When you’re able to consistently deliver on your brand, you build trust, expectations and a relationship. It takes many different tactics to accomplish this, but in an online environment, your domain is one of the most important pieces.

Email as branding

A woman's hands on the keyboard of a laptop in a café
Photo by Christin Hume / Unsplash

Your email address can say a lot about you and your brand. Having an email address with your business’s domain conveys credibility, savvy and professionalism. Using a third-party provider, such as Gmail or Hotmail, can reduce your recipient’s confidence in your brand.

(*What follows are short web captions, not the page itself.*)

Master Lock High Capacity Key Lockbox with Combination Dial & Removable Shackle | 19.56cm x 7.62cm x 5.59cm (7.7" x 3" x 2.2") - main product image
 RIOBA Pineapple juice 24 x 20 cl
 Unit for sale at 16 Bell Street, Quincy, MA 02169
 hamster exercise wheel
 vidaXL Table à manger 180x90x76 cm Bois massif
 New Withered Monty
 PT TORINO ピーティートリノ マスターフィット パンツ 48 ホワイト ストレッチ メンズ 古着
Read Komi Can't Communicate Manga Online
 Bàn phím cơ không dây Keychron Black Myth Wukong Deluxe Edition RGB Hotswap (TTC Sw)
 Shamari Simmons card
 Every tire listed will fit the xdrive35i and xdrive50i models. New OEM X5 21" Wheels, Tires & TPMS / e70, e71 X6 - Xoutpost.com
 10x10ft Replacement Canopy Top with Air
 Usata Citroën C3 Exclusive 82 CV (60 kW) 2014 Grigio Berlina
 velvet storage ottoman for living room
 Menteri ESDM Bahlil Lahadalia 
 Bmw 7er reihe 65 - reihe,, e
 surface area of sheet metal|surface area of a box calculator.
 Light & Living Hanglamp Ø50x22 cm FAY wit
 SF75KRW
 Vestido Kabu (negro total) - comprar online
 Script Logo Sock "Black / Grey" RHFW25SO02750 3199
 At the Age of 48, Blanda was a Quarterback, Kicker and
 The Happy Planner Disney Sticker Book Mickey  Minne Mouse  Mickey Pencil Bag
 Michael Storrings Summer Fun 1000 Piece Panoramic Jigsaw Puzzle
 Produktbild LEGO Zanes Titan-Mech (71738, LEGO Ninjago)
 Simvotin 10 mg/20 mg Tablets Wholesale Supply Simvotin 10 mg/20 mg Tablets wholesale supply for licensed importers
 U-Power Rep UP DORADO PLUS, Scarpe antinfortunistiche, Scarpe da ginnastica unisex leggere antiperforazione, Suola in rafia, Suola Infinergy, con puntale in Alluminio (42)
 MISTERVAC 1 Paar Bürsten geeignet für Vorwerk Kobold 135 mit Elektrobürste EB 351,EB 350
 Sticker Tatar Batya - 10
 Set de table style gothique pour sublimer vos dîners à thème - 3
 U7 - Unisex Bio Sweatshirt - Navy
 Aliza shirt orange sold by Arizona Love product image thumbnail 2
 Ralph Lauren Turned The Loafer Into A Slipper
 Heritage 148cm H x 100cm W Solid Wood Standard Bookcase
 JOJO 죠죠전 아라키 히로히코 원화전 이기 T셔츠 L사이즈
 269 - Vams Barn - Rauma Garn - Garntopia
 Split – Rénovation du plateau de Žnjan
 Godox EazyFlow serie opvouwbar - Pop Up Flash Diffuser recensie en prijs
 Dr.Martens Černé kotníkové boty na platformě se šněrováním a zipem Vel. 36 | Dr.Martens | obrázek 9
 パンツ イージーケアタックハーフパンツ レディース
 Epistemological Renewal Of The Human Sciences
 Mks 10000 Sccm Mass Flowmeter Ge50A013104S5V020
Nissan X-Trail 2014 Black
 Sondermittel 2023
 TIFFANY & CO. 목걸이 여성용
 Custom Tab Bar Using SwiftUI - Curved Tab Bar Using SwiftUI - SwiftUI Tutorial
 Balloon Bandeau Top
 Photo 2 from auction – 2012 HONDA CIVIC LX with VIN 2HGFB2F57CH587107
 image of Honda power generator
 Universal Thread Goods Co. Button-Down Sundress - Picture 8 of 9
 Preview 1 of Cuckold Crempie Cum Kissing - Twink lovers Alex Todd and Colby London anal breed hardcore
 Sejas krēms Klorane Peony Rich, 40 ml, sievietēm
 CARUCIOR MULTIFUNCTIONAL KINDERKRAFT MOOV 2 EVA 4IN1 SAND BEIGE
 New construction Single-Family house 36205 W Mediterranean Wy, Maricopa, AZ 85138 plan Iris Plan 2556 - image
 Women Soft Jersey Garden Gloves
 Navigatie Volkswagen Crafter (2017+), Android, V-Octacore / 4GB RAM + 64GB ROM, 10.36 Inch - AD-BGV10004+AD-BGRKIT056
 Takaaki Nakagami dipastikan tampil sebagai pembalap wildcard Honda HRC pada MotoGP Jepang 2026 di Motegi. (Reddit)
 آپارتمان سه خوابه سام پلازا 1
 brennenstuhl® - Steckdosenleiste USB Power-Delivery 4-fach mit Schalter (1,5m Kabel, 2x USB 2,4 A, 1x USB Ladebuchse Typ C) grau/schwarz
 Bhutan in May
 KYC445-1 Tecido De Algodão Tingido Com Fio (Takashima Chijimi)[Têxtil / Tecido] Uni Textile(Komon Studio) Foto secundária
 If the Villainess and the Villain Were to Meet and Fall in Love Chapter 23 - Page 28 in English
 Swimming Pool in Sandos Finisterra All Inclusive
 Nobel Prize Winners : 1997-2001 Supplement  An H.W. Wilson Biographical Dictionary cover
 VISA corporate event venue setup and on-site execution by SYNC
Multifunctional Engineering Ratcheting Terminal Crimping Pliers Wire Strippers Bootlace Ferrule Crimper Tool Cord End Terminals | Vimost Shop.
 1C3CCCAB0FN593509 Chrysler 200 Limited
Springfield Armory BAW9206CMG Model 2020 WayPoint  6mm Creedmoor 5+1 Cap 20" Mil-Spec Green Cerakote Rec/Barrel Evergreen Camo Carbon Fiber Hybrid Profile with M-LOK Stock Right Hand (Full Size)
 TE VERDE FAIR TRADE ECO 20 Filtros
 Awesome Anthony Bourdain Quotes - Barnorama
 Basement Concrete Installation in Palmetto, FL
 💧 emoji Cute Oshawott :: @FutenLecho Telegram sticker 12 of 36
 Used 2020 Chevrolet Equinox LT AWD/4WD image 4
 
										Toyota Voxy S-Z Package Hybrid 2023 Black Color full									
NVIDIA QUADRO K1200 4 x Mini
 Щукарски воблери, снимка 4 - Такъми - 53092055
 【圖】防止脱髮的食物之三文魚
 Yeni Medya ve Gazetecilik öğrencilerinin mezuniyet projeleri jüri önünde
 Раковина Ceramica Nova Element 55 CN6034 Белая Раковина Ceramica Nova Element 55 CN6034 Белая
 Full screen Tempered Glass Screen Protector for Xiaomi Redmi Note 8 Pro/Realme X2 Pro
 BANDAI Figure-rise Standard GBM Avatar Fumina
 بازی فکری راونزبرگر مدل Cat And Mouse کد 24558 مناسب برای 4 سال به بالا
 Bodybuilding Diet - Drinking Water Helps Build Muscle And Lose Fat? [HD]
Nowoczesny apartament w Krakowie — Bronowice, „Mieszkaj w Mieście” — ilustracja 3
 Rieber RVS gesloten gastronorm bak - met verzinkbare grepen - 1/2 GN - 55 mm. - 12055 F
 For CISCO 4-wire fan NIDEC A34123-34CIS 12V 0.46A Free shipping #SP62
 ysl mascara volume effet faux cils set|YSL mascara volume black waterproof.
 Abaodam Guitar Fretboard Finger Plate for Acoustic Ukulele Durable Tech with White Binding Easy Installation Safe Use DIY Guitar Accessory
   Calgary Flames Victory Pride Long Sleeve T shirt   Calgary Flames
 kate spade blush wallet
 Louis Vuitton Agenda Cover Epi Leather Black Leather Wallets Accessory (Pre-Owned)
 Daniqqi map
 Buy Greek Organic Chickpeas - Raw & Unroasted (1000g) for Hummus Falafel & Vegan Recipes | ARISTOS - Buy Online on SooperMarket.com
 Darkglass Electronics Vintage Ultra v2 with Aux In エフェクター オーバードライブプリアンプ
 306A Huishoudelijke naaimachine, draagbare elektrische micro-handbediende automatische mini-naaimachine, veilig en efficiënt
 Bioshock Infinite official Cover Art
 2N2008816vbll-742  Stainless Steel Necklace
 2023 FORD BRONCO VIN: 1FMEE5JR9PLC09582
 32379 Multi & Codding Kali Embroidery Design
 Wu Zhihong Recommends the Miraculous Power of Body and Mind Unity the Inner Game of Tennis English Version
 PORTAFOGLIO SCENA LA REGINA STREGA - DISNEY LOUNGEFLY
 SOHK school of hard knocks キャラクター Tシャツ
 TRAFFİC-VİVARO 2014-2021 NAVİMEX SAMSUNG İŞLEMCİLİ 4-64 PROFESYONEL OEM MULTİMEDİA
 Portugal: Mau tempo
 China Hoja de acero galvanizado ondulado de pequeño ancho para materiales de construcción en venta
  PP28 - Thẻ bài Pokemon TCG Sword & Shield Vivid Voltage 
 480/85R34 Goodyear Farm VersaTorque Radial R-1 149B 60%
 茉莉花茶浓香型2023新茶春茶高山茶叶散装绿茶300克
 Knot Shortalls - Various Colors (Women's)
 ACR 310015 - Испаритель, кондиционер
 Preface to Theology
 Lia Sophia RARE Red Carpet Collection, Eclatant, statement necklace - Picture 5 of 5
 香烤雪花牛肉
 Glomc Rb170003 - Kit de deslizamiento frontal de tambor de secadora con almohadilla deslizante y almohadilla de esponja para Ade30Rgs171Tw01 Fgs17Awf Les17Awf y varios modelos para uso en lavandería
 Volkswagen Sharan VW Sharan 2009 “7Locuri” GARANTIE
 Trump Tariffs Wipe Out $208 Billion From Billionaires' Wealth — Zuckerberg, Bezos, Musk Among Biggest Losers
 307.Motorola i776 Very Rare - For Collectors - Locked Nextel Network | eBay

The first part of your email address (before the @domain) can also convey different connotations, and if you consider them, you can better position yourself for the perception you intend. For instance, if your address is jamie.jackson@example.com, it can give the impression that your company is large enough to warrant identifying first names and last names, since there are or may be multiple Jamies. If you use jamie@example.com, it can suggest that your organization is smaller, or that you’re just the most important Jamie.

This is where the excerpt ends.